NEWCOMER

Wally Baram of Overcompensating Tells KyleMacLachlan How She Gets Into Flow State

Wally Baram

Wally Baram, photographed by Luisa Opalesky.

Until recently, Wally Baram had more spent time in writer’s rooms than she had in front of the camera. As a stand-up comic, and then a staff writer on shows like Shrinking and What We Do in the Shadows, she became accustomed to the conventions of television writing: long hours at a roundtable, interspersed with chunks of what she calls “shooting the shit.” But then, during a workaday writing session on Overcomensating, Benito Skinner’s riotous and quietly touching new coming-of-age comedy on Amazon Prime, producers asked her to audition for the role of Carmen, someone with whom she already felt a certain kinship. “There was this character of a girl with frizzy hair from New Jersey who was awkward and overcompensating,” Baram remembers. “I was like, ‘That feels mighty similar.'” Acting alongside Skinner, who plays Benny, a closeted former football player navigating the hormonal highs and lows of freshman year at college, Baram emerges as the show’s breakout star, one half of an unlikely but ultimately inevitable friendship. “As a writer, I was pretty literal with my understanding of what making a show was ahead of time,” Baram told Kyle MacLachlan, who plays Benny’s dad in the show, out on May 15th. “But when I was actually acting, I was almost embarrassed at how one-dimensional my understanding of the process was.” Below, she and the Twin Peaks star talk about the rite of passage that is awkward teenage sex, achieving a flow state, and working on the unusually encouraging set of Overcompensating.

———

WALLY BARAM: Gosh, thank you so much for agreeing to do this.

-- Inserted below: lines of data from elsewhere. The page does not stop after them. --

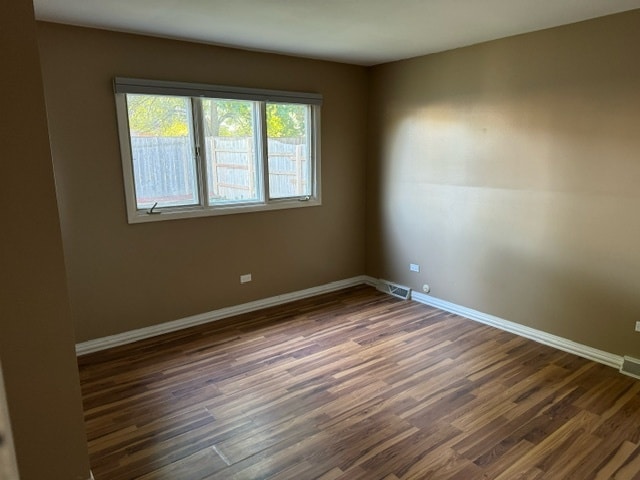 spare room featuring dark wood-type flooring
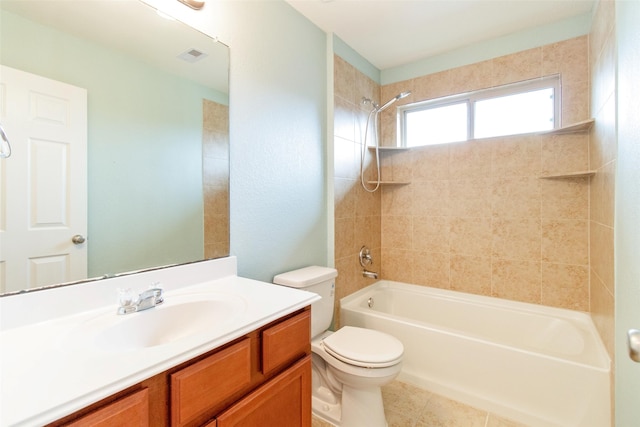 full bathroom featuring tile patterned floors, vanity, toilet, and tiled shower / bath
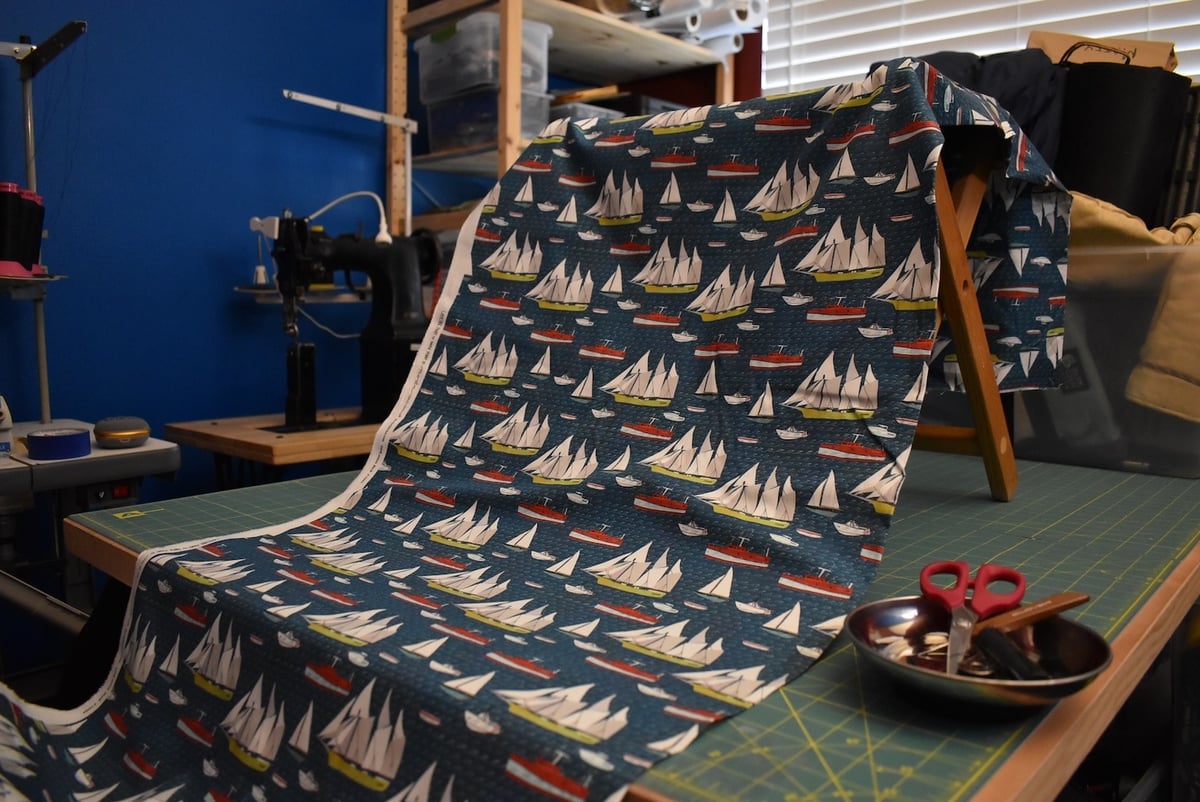 Dark blue fabric with a sailboat motif draped over a stool.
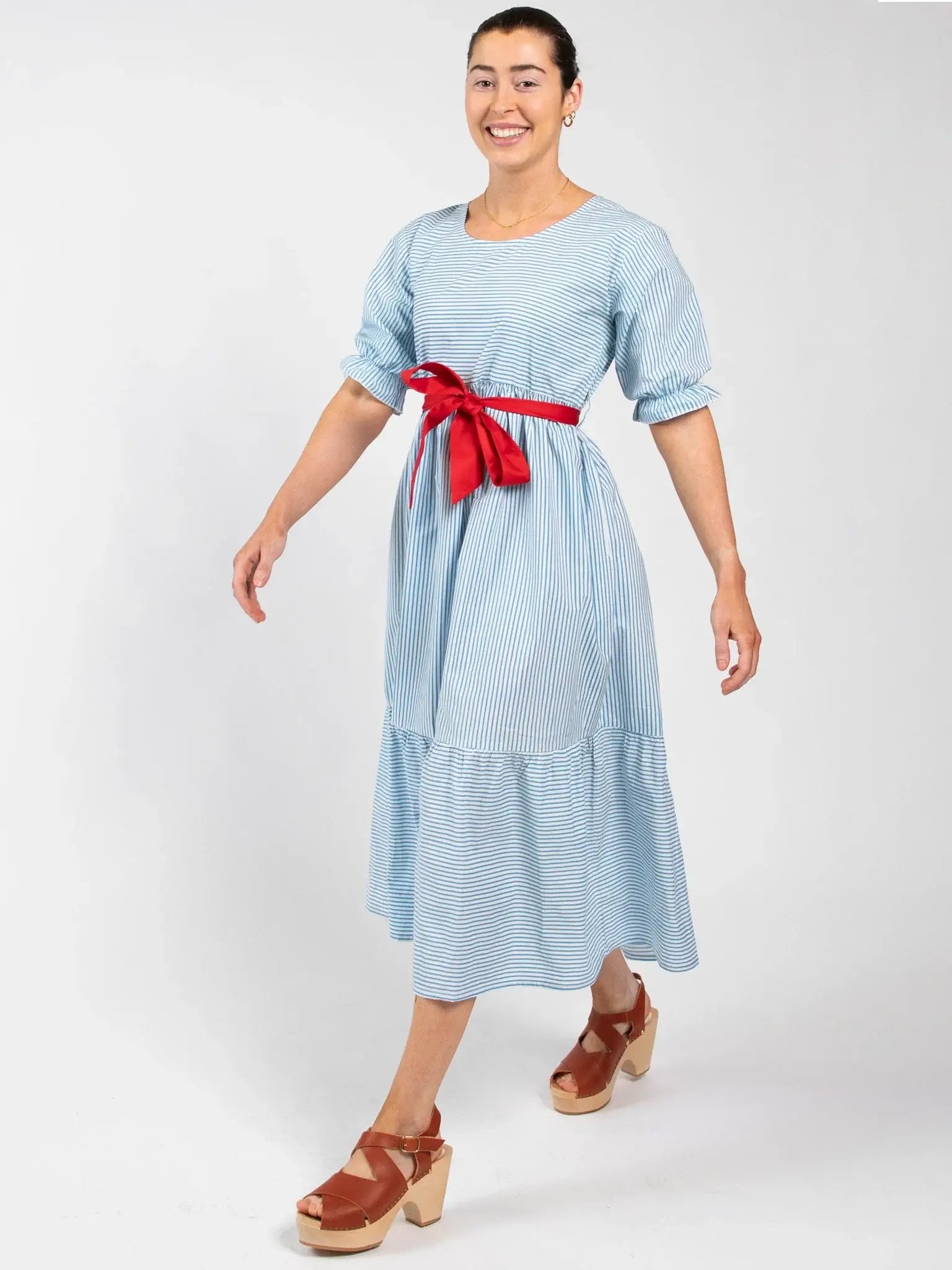 A woman in the Blue Stripe Women's Blue Stripe Maxi Dress with puff sleeves and a red waist ribbon, paired with tan platform sandals, walks against a white background.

KYLE MACLACHLAN: Well, I’m excited because I get to learn more about you.

BARAM: Hopefully my internet is okay. I’m at a comedy festival in Austin right now.

MACLACHLAN: I was in Austin not long ago for South by, which is so much fun.

BARAM: We were almost going to premiere the show there, but then they needed to do some more work on it.

MACLACHLAN: I’m a little nervous. I always get nervous before something drops just because you just don’t know. But I had such a good feeling with it.

BARAM: Oh, you are so good. Have you seen it?

MACLACHLAN: No, I went in and did ADR. I did two tiny little pieces and it looked promising. It was hard to get a sense of it, but it looked cool.

BARAM: I’ve seen it and you are fantastic in it. You’re an absolute joy.

MACLACHLAN: You are so sweet. Thank you. I’ve seen some of the trailers with you and Benny sitting on the bed. That energy is perfect and so sweet and delightful. What happens when I see things like that is, I go back to when I was roughly about the same age. You really don’t know anything. You think you do, but you don’t. Just that brief little moment, I got to feel that.

BARAM: That moment actually speaks to her, even though you don’t really know it when you’re watching the trailer. She’s a very earnest character, in the way that college students are earnest and not very self-aware, but also are trying really hard.

MACLACHLAN: One of the things about the show that is so refreshing is that those moments are treated humorously, but they’re very real. I think that underscores the show. The truth of it is there, but of course it’s heightened in these wonderful ways and will be very entertaining.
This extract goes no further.